ANOMALY DETECTION IN ETHEREUM TRANSACTIONS USING GRAPH NEURAL NETWORKS AND EXPLAINABLE AI
Keywords:
Ethereum, Blockchain, Blockchain network, Decentralized trading, Transaction data, Graph Neural Networks (GNNs), Explainable AI (XAI), Machine learning, SHAP, GNNExplainer, Model interpretability, Anomaly detection.Abstract
Ethereum and similar blockchain platforms help with decentralized trading, nevertheless their activity is often disrupted by strange and dishonest actions. It is hard for rule-based or classical machine learning approaches to capture how different parts of a blockchain network interact with each other. The proposed method makes use of Graph Neural Networks (GNNs) to detect anomalies in the transactions on the Ethereum network. In this system, the directed graph uses addresses as nodes and transactions form edges with the attributes of value, timestamp and which type of token is involved.
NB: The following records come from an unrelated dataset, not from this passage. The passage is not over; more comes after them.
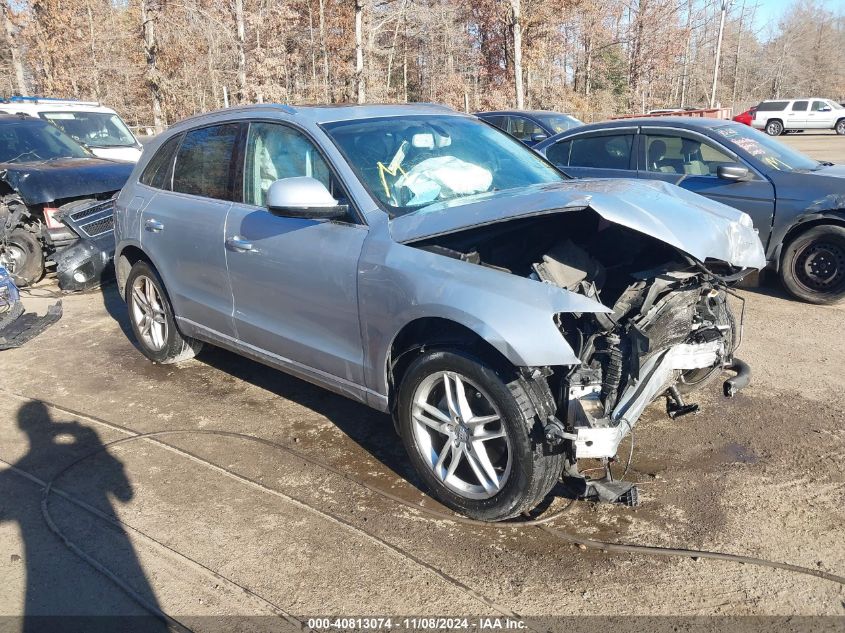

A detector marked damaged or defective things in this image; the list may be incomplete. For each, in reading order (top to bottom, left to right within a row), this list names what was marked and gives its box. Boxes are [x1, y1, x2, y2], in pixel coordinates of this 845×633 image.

crumpled hood [0, 157, 133, 205]
crumpled hood [390, 178, 764, 270]
severe front-end damage [394, 180, 764, 506]
broken bumper [572, 340, 740, 460]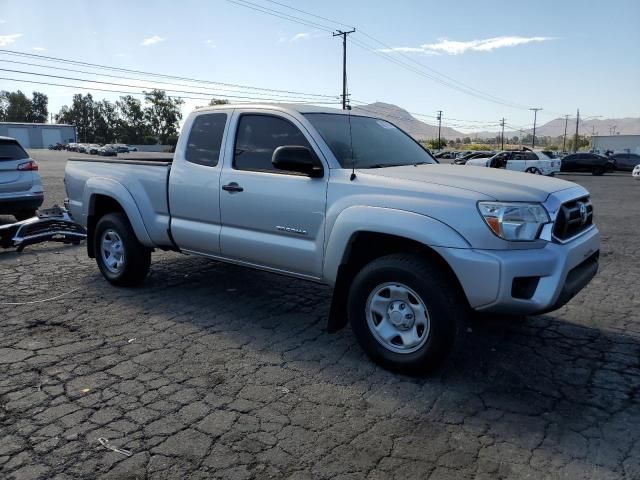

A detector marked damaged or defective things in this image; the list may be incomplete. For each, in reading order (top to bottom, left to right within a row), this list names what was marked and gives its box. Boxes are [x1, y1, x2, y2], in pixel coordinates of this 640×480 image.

cracked asphalt pavement [1, 151, 640, 480]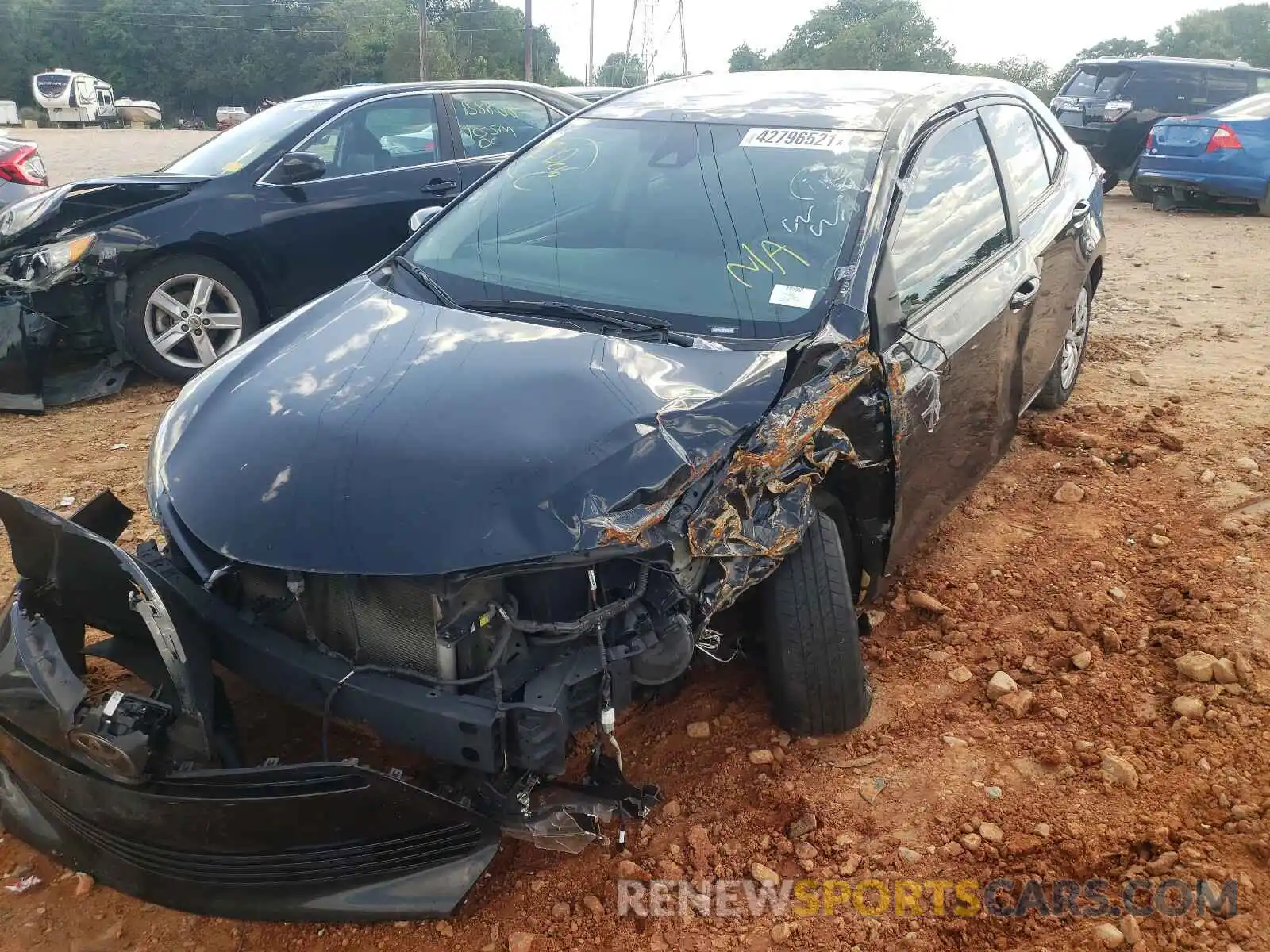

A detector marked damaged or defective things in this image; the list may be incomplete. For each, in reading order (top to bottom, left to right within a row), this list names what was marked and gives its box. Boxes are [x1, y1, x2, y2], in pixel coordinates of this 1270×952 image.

detached headlight [0, 182, 71, 236]
crumpled hood [0, 173, 208, 249]
crumpled hood [159, 274, 787, 571]
damaged front bumper [0, 489, 654, 920]
severe front-end damage [0, 270, 895, 920]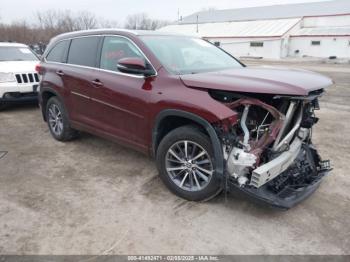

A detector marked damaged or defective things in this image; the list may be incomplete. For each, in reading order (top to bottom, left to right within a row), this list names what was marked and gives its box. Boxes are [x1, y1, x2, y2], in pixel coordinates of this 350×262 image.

damaged toyota highlander [37, 29, 332, 209]
bent hood [180, 66, 334, 96]
crushed front end [212, 90, 332, 209]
We use Explainable AI (XAI) approaches called SHAP and GNNExplainer to explain and understand the model’s choices. Working on real Ethereum transaction data reveals that the system finds anomalies very accurately and also adds to the understandability of those findings, supporting fraud prevention, compliance with regulations and clear analytics on blockchain records.